Originally featured on Elephant Journal March 15, 2017
About a month ago, while crossing from the United States into Canada, two men lost almost all fingers to frostbite in their desperation to seek refugee status.
“Asylum seekers are illegally crossing from the US into Canada in growing numbers hoping to receive refugee status. One small prairie town in southern Manitoba has become the nexus point for migrants who have lost hope in the US.
Mohammed says he once viewed the US as a beacon for human rights and a place that welcomed newcomers but ‘when we came, we didn’t see that.’”
Where is our outrage?
Like most Americans, I am ashamed to admit that I’ve become jaded to the plight of refugees. We read about climate refugees fleeing water shortages and famines. We hear about Syrian refugees fleeing bombs and desolation. We see boats filled with children drowning on a weekly basis. Rarely does the latest tragedy pierce our comfortable bubbles and actually force us to stop and think about what is happening outside our families and our homes.
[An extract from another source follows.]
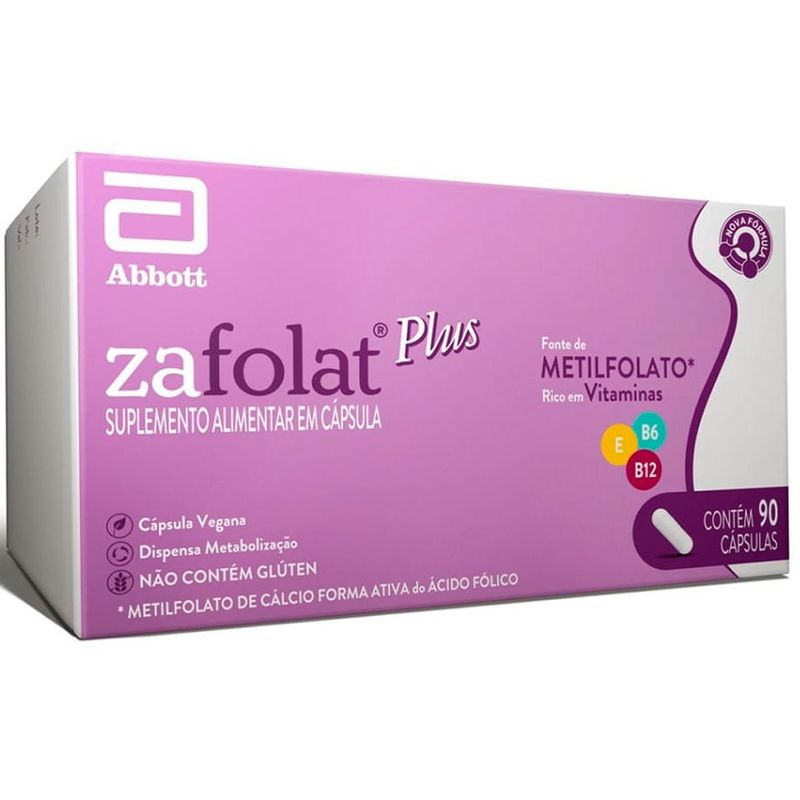 zafolat plus 90 cápsulas abbott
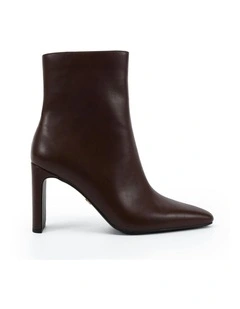 Korina Ankle Boots in Milk Chocolate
I was horrified—stomach in my mouth, tears streaming down my face—while watching the interview with these two men. Being from Alaska, I grew up with a healthy appreciation of the seriousness of frostbite. But that’s not why. This isn’t happening in Europe or the Mediterranean—this is happening here at home.
Instead of finding the “Land of the Free,” and rather than waiting to see what policy changes come next from the new administration, desperate immigrants are leaving the U.S. and walking across the sometimes frigid, snow-covered border into Canada.
Sound familiar?
Many of the undocumented immigrants entering the U.S. from Mexico are Central Americans fleeing from violence in their home countries. It’s an ongoing American delusion to think that we have a monopoly on…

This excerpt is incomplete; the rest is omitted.